### [ASSIGNMENT]
With the images excluded, set down every line of the listing below exactly.

### [INPUT]
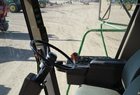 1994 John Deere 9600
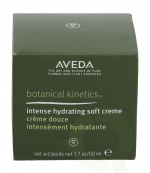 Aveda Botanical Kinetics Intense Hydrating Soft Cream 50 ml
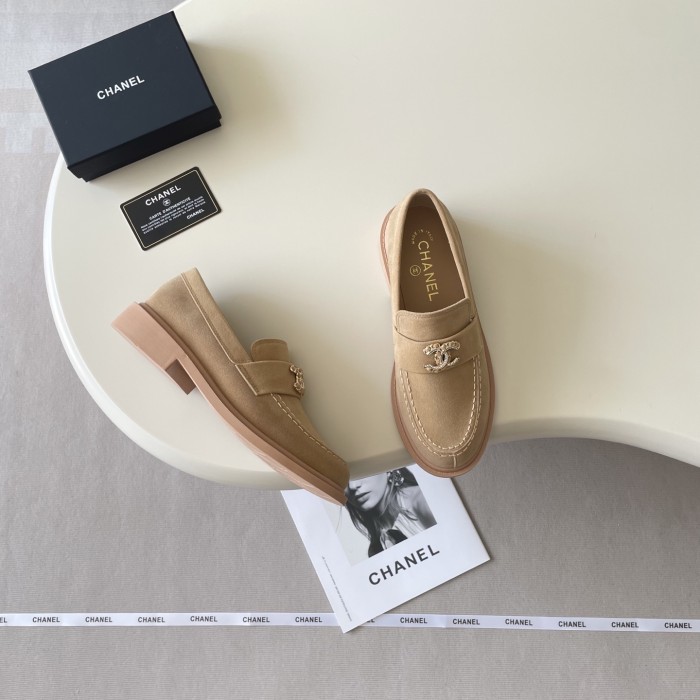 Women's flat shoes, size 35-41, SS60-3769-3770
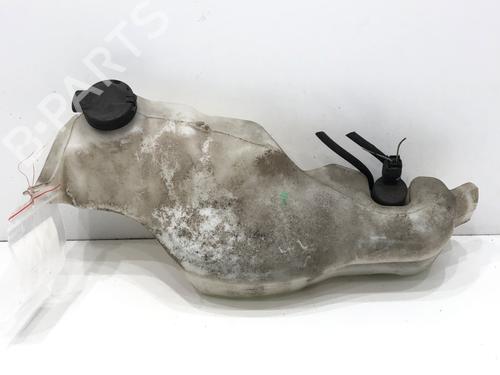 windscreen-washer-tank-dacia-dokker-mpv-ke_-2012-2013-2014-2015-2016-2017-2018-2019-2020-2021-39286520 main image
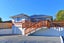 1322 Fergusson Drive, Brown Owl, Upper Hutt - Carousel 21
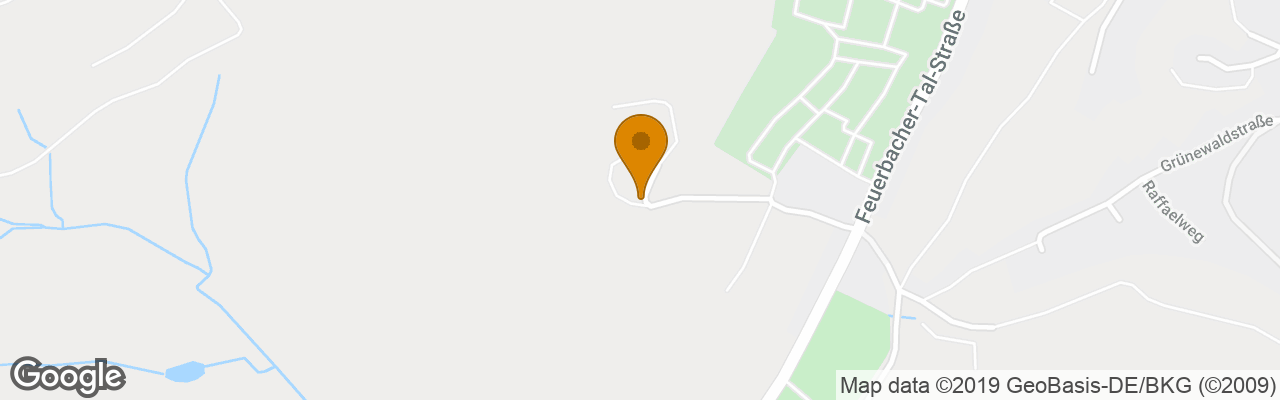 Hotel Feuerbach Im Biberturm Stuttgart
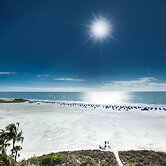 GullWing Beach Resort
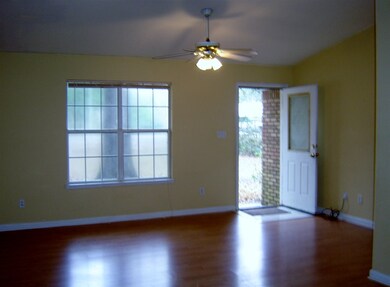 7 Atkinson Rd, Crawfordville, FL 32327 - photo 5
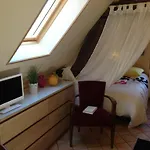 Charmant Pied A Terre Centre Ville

### [EXERCISE RESULT]
 1994 John Deere 9600
 Aveda Botanical Kinetics Intense Hydrating Soft Cream 50 ml
 Women's flat shoes, size 35-41, SS60-3769-3770
 windscreen-washer-tank-dacia-dokker-mpv-ke_-2012-2013-2014-2015-2016-2017-2018-2019-2020-2021-39286520 main image
 1322 Fergusson Drive, Brown Owl, Upper Hutt - Carousel 21
 Hotel Feuerbach Im Biberturm Stuttgart
 GullWing Beach Resort
 7 Atkinson Rd, Crawfordville, FL 32327 - photo 5
 Charmant Pied A Terre Centre Ville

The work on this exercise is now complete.